Himbacine-derived thrombin receptor antagonists: c7-aminomethyl and c9a-hydroxy analogues of vorapaxar

Mariappan V Chelliah; Samuel Chackalamannil; Yan Xia; William J Greenlee; Ho-Sam Ahn; Stan Kurowski; George Boykow; Yunsheng Hsieh; Madhu Chintala

doi:10.1021/ml400452v

Himbacine-derived thrombin receptor antagonists: c7-aminomethyl and c9a-hydroxy analogues of vorapaxar

ACS Med Chem Lett. 2013 Dec 18;5(2):183-7. doi: 10.1021/ml400452v. eCollection 2014 Feb 13.

Authors

Mariappan V Chelliah¹, Samuel Chackalamannil¹, Yan Xia¹, William J Greenlee¹, Ho-Sam Ahn¹, Stan Kurowski¹, George Boykow¹, Yunsheng Hsieh¹, Madhu Chintala¹

Affiliation

¹ Merck Research Laboratories , 2015 Galloping Hill Road, Kenilworth, New Jersey 07033-1300, United States.

Abstract

We have synthesized several C7-aminomethyl analogues of vorapaxar that are potent PAR-1 antagonists.

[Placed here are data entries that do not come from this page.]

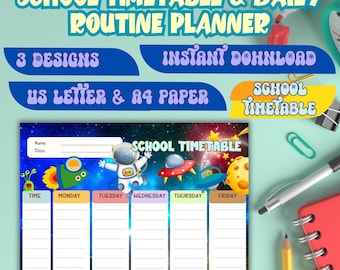 School Timetable, School Schedule, Homeschool Schedule, Daily Routine Planner, Back to School Timetable, Children, Space, Rainbow & Unicorn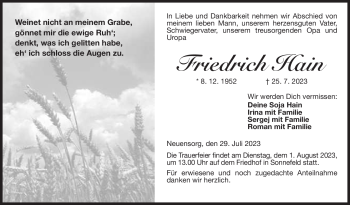 Traueranzeige von Friedrich Hain von Neue Presse Coburg
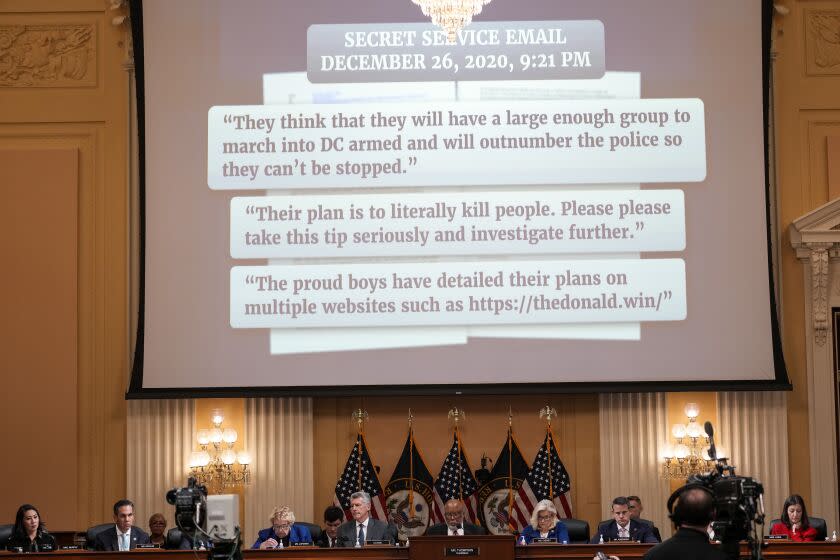 WASHINGTON, DC - OCTOBER 13: Excerpts of Secret Service emails display on a monitor during a hearing of the House Select Committee to Investigate the January 6th Attack on the United States Capitol in the Cannon House Office Building on Thursday, Oct. 13, 2022 in Washington, DC. The bipartisan Select Committee to Investigate the January 6th Attack On the United States Capitol has spent nearly a year conducting more than 1,000 interviews, reviewed more than 140,000 documents day of the attack. (Kent Nishimura / Los Angeles Times)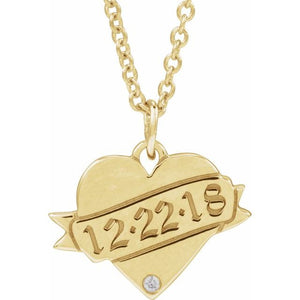 14K Yellow Gold .005 CT Natural Diamond Engravable Heart Necklace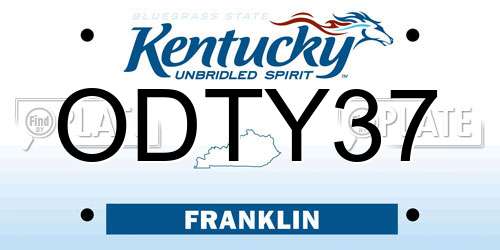 ODTY37 Kentucky License Plate
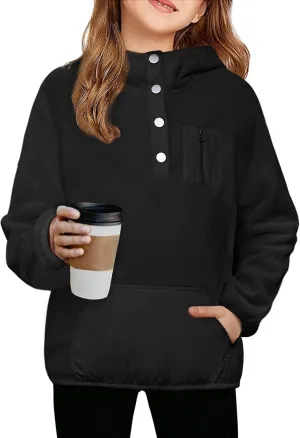 Arshiner Girls Fleece Pullover Hooded Sweatshirt Colorblock Sherpa Hoodie for Teen Girl Winter Button Jacket Coat with Pocket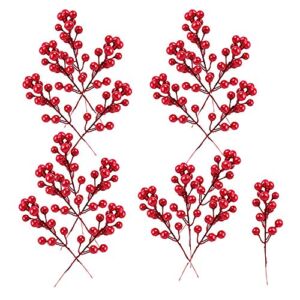 Guuozzli 20 PCS Artificial Red Berry,Red Berry Picks Branch,7.8 Inch Berry Stems for Festival,Holiday,Christmas,Home Decor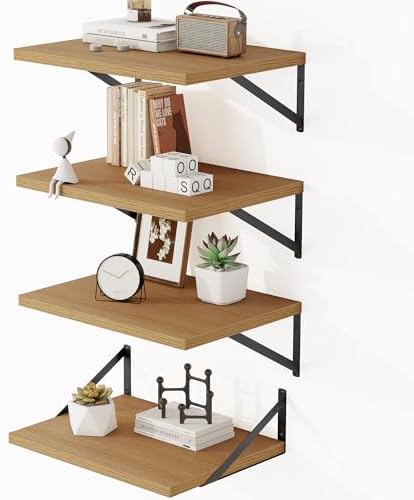 Heimlove 16W x 12D Deep Floating Shelves Set of 4 Oak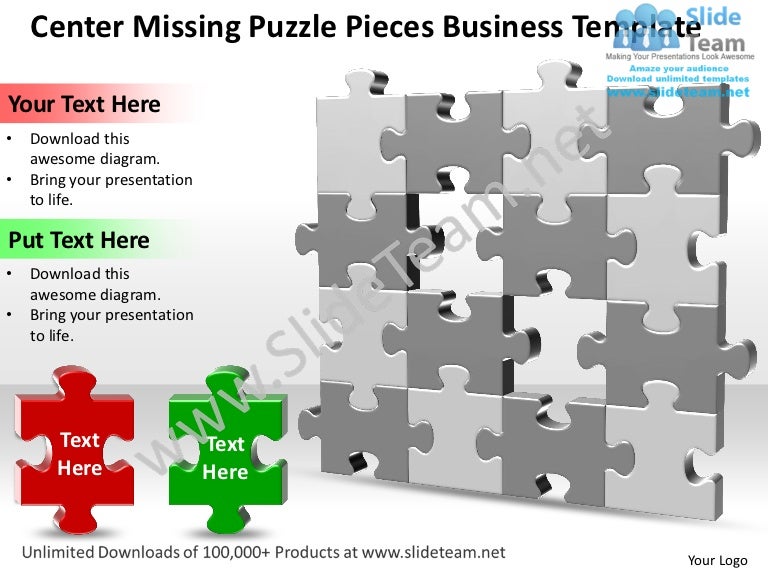 Business power point templates center missing puzzle ...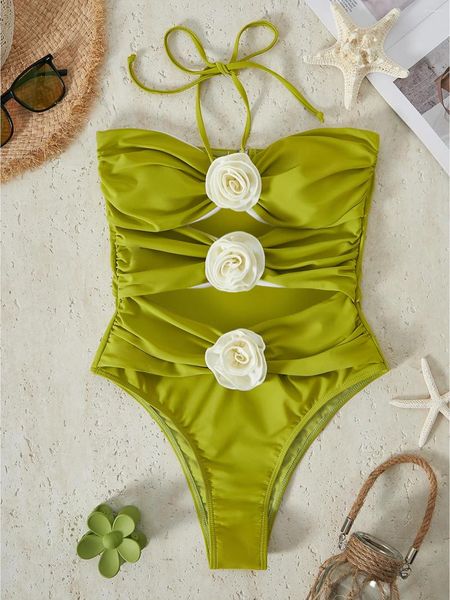 Kadın Mayo In-X Yeşil Çiçekler Bikini 2024 Kadın Kore tarzı sahil kıyafeti kadınlar için banyo takım elbise tek parça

Many of these analogues showed excellent in vitro binding affinity and pharmacokinetics profile in rats. Compound 6a from this series showed excellent PAR-1 activity (K i = 5 nM). We have also synthesized a C9a-hydroxy analogue of vorapaxar, which showed very good PAR-1 affinity (K i = 19.5 nM) along with excellent rat pharmacokinetic profile and ex vivo efficacy in the cynomolgus monkey.

Keywords: Himbacine; PAR-1 antagonist; platelet aggregation; thrombin receptor; vorapaxar.